GaussCtrl: Multi-View Consistent Text-Driven 3D Gaussian Splatting Editing¶

Conference: ECCV 2024
arXiv: 2403.08733
Code: https://gaussctrl.active.vision/
Area: 3D Vision
Keywords: 3D Editing, 3D Gaussian Splatting, Diffusion Models, Multi-view Consistency, ControlNet

TL;DR¶

GaussCtrl is proposed, which utilizes depth-conditioned ControlNet editing and an attention alignment module to achieve multi-view consistent text-driven 3DGS scene editing, supporting editing of all viewpoints at once and requiring only a single 3D model update.

Background & Motivation¶

Background: NeRF and 3DGS have achieved high-quality 3D reconstruction and novel-view rendering, but the editing capability on these 3D representations is still under-explored.
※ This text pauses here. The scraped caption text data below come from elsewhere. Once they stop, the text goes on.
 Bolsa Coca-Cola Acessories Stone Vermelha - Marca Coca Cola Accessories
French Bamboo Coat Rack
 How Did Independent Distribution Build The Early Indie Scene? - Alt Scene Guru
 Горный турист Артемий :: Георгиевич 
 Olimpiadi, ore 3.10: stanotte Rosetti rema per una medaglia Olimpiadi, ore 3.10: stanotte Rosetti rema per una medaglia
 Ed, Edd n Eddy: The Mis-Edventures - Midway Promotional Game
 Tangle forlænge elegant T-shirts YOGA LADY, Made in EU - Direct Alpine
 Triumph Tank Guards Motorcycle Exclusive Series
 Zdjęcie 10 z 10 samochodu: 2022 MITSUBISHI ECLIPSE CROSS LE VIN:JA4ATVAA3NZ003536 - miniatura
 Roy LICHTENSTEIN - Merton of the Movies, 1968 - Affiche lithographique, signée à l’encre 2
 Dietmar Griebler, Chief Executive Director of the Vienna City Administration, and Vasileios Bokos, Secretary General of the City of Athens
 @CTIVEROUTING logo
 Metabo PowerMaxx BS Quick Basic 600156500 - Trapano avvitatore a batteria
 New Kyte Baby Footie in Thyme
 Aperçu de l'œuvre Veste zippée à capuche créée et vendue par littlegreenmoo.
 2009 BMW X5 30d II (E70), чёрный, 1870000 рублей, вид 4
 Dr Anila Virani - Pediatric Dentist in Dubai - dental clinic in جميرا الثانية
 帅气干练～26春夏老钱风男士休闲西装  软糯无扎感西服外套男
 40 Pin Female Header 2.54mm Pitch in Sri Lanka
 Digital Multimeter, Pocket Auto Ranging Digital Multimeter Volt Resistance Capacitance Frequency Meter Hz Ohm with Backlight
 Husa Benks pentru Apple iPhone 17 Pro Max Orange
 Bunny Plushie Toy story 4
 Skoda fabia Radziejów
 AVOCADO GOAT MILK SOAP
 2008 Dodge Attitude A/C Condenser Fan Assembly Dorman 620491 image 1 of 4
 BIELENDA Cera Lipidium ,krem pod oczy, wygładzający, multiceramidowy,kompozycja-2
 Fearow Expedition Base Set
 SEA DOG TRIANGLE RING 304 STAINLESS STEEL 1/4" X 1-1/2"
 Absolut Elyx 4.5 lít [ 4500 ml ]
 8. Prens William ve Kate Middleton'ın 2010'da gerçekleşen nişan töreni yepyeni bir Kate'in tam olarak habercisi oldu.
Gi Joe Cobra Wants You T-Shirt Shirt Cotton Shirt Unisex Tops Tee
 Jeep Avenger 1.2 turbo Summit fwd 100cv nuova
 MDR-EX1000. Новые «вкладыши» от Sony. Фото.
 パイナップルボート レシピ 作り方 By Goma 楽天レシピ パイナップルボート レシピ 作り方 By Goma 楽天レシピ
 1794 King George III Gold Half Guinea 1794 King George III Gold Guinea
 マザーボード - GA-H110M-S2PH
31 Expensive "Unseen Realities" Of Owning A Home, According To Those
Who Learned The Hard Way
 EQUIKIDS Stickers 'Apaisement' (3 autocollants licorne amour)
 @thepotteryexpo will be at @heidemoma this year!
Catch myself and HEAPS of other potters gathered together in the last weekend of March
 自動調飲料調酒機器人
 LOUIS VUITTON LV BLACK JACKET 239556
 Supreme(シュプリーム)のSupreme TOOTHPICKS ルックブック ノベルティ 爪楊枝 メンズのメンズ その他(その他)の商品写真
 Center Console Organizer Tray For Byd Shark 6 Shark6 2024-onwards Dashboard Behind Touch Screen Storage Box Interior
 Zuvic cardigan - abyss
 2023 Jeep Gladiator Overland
Instruct-NeRF2NeRF (IN2N) pioneered the "3D editing via 2D editing" paradigm—editing rendered images frame-by-frame using a 2D diffusion model, and then iteratively updating the 3D model.

Limitations of Prior Work: The core problem of IN2N and subsequent methods is multi-view inconsistency—2D diffusion models process each image independently without guaranteeing geometric and appearance consistency, leading to blurriness, artifacts, and issues like "faces popping up on the back" in 3D editing. Moreover, the iterative optimization scheme results in slow convergence.

Key Challenge: 2D diffusion models naturally lack 3D geometric awareness, yet 3D editing relies on 2D editing results—how can 3D consistency constraints be injected during the 2D editing stage?

Goal: Explicitly enforce multi-view consistency across the editing process of all view images, enabling editing of all images at once and updating the 3D model only once.

Key Insight: Leverage the consistency information already provided by 3DGS itself (depth maps are naturally geometrically consistent) and a cross-view attention mechanism (unifying text editing \(\rightarrow\) appearance consistency) as a dual approach.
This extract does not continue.